The second smallest bike in Yamaha PH’s YZF sportbike lineup, the venerable YZF-R3 has found itself in the hands of many a beginner rider, sporting enthusiast, and track day junkie. After all, its sharp YZF styling, punchy 321cc parallel-twin engine, and ultralight chassis make for a hard-to-resist package.
Perhaps these characteristics are why Zero2Podium riding clinic uses the YZF-R3 as its bike of choice when teaching students how to take on the racetrack. I was lucky enough to be one of those students last week when Coach Che Estepa and one of Zero2Podium’s R3s taught me the basics of track riding at the Alpinestars track day.
How good of a teacher is the 2018 Yamaha YZF-R3 for a track novice like me? Read our impressions below to find out.
What’s hot about the R3?
Yamaha’s YZF styling is iconic in the industry, with even the 155cc YZF-R15 looking like a proper superbike to the uninitiated. Granted, the R3 I used on track was a 2018 model, so it doesn’t bear the updated current-gen styling, but it still looks as sharp as can be for a bike even beginners can use.
Angular dual headlights, a full belly pan, and sharp fairings finished in Yamaha Racing Blue made this YZF-R3 look right at home on the track. Now, as seen in the pictures, my R3 has obviously seen its fair share of slides and stumbles.
How does the saddle feel?
With a low 30.7-inch seat height, a 167kg wet weight, and a chassis that’s narrow between the legs, the YZF-R3 is definitely not too much to handle at a stop for an average-sized Filipino rider. The seat itself is smooth and easy to move around on, which you’ll be doing a lot when hustling around the track. Cushioning is ample but not exceptional, which is fine since comfort isn’t a priority on the track anyway.
While the R3’s ergonomics are definitely aggressive with its clip-on handlebars and high-mounted rear sets, sitting on the bike doesn’t feel as severe as being on something like the R6. Because it doesn’t have really low-mounted bars, the YZF-R3 allows for a sort of upright riding position, making it less likely to tire out track newbies.
Does the engine perform well?
The 321cc DOHC parallel-twin engine in the R3 loves to rev, and rev it you must to get the full 41.4hp that lies in wait at 10,750rpm and the 29.6Nm of torque available at 9,100rpm. Being a parallel-twin, a good bit of that torque is available early on in the rev range, but you’ll still have to give the throttle some encouragement to get it really going, especially when coming out of a corner.

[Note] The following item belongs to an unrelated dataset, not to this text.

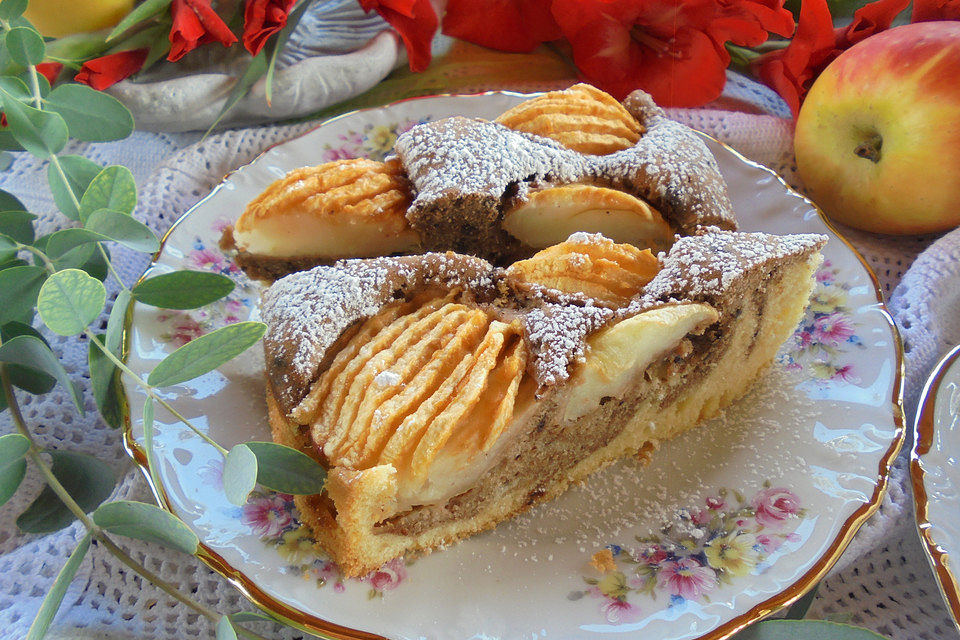 Versunkener Apfel-Marmorkuchen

I was able to push the R3 to over 170kph on Clark International Speedway’s straightaway.
A six-speed manual transmission transmits power from the engine through a chain final drive to the rear wheel. Being relatively basic, the transmission doesn’t include a quickshifter or even an assist-and-slipper clutch. This bare-bones shifting experience felt ideal, considering that the bike was set up to teach track novices the basics.
Is it any good around corners?
What the YZF-R3 lacks in sheer grunt, it makes up for with proper sporty handling. A 41mm KYB fork up front and a preload-adjustable KYB rear shock provide more than enough damping to soak up track imperfections while still allowing the R3 to handle as sharply as possible, especially when coupled with the sticky Pirelli Diablo Rosso Sport tires that Zero2Podium has mounted on.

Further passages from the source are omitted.